The VSKYLABS B-8M Gyrocopter Project
Highly realistic lightweight Gyroplane simulation
For X-Plane 11
The VSKYLABS B-8M Gyrocopter Project
The VSKYLABS VSL B-8M Gyrocopter Project is a highly accurate light weight Gyroplane flight dynamics and handling simulation, designed for X-Plane 11.
Project main features:
- Highly accurate and realistic simulation of a lightweight Gyrocopter (B-8M design).
- Full VR compatibility with X-Plane 11.
- FMOD sounds.
- Perfect for sight-seeing, tight places operations and bush-flying operations.
VSKYLABS B-8M General Information
The VSKYLABS VSL B-8M Gyrocopter design is based on the general design features of the Bensen B-8M / X-25A Gyrocopter. Some design modifications were made to the tail section, which was redesigned with a longer tail-boom to improve lateral stability in the low-airspeed flying regime.
The VSKYLABS VSL B-8M Gyrocopter is propelled by a 45 hp 1/2 (half) VW engine, which is in general a twin cylinder, four stroke, horizontally opposed, air cooled, direct drive engine design based on the Volkswagen air-cooled engine.
What is an Gyroplane/Autogyro?
It is a flying machine which is using a rotary wing (main rotor) to provide lift. However, and unlike a conventional helicopter, the rotor is fixed with a free-spinning mechanism and it is not powered by the engine.

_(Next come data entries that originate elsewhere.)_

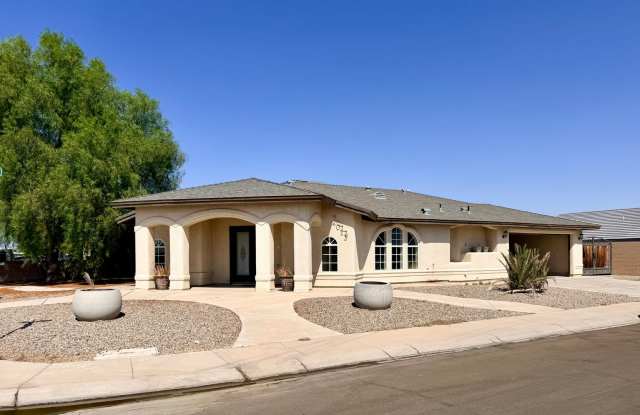 Large San Luis home on a Corner lot with 3 bedrooms plus added Den/Office Room photos photos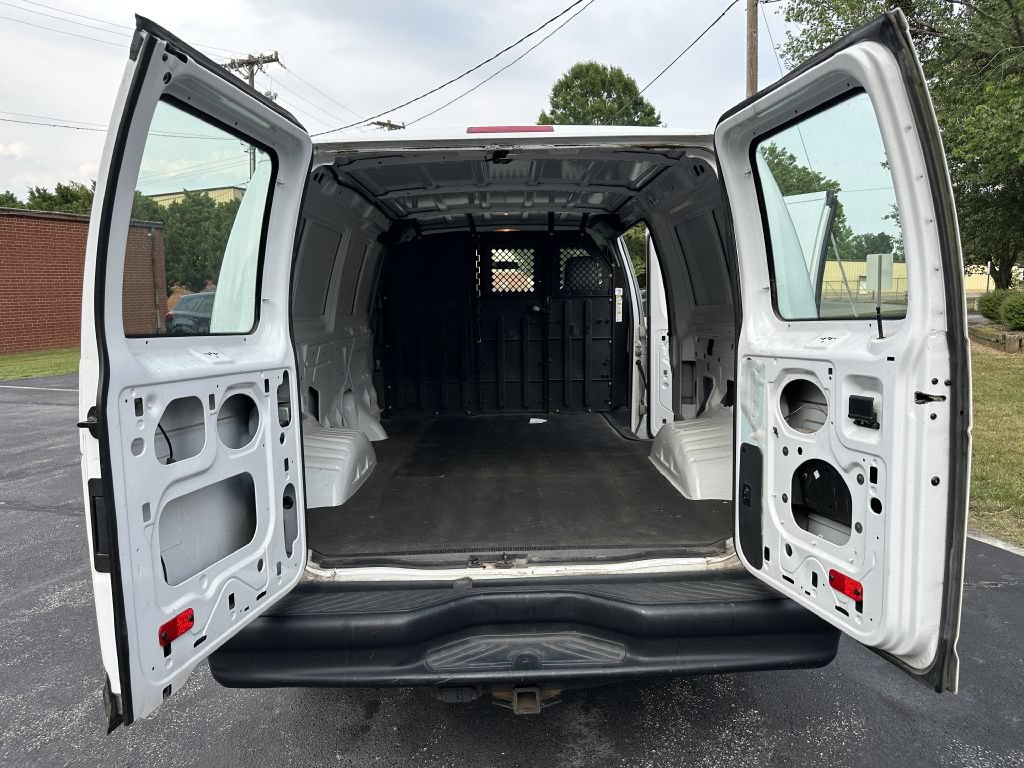 Used 2011 Ford E-250 and Econoline 250 w/ PWR Group RWD image 34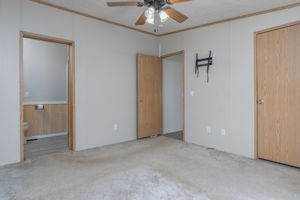 BedroomPrimary-3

What makes the rotor spin in an Autogyro is the aerodynamic forces of the airflow which is moving through the rotor disc, in a phenomenon called 'Auto-rotation'. A separate propulsion source is required for forward flight.
Controls of an Autogyro:
There are three primary flight controls:
- Control stick.
- Rudder pedals.
Typically, the control stick tilts the rotor in both axes to provide pitch and roll control, but there are Autogyros which do not tilt the rotor at all, or only doing it in a single axis. such Autogyros are having conventional control surfaces. Rudder pedals provide yaw control, and the throttle controls engine power for forward thrust. In many cases, Autogyros are designed with pusher-propeller configuration to allow higher stability and effectiveness of the Rudder due to prop-wash.

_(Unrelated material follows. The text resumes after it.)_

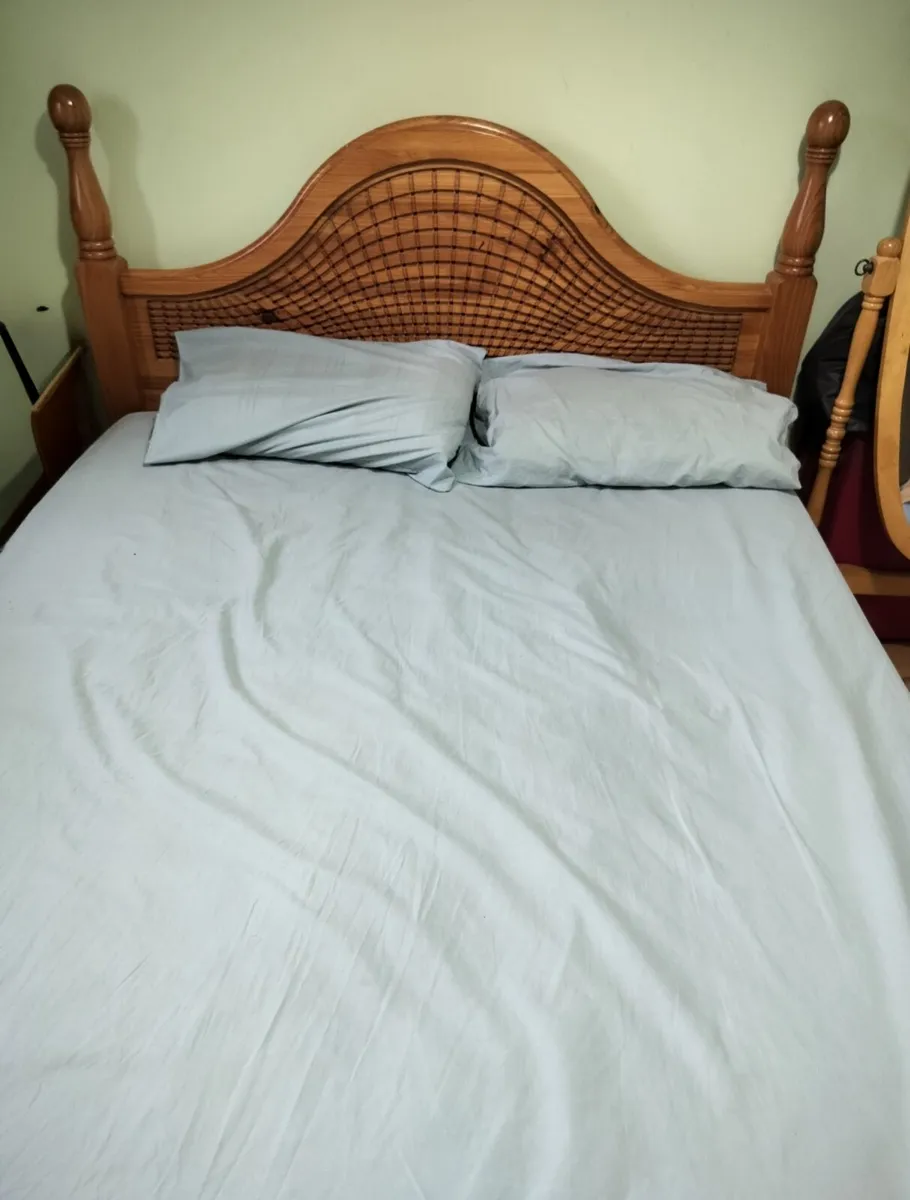 King bed for sale - Image 1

Some Autogyros features a system called "pre-rotation". When engaged, drives the main rotor to start spinning before takeoff. This initial spin is crucial for the takeoff procedure as there is no available lift when the main rotor is not spinning or spinning very slowly. It can also reduce the take-off run significantly. In Autogyros that are not having a pre-rotation system, the pilot is getting the needed pre-rotation by doing it manually, using his hands, prior to takeoff.
Controlling an Autogyro during flight:
- Pulling back on the stick tilts the rotor back, increasing lift and decreasing forward airspeed.

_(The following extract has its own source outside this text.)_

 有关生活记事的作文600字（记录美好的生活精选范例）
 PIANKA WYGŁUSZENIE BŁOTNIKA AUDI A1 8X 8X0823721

- Pushing the stick forward decreases lift and increases airspeed. Because the changes of lift vectors, pulling or pushing the stick will result in a nose attitude change (pitch up/pitch down).
- The rudder pedals moves the rudder on the vertical stabilizer. The VSKYLABS VSL B-8M Gyrocopter is featuring differential brakes for ground operations, and in addition, it is also featuring a slight nose gear steering ability.
- Throttle is for the engine, as in any conventional, fixed wing aircraft.
Taking off with an Autogyro:
The rotor must be pre-rotated to produce enough lift and stability during the takeoff run. Trying to lift an Autogyro off the ground with its rotor not rotating fast enough will usually end up in a crash, or in a very long takeoff run. In small Autogyros, pre-rotation is usually done by using an auxiliary, small motor. There are other methods as well (even rotation by hand). Once the rotor is up to speed, the pre-rotation motor must be disengaged and the Autogyro is ready for brake release and takeoff run, to be lifted by autorotation of the rotor.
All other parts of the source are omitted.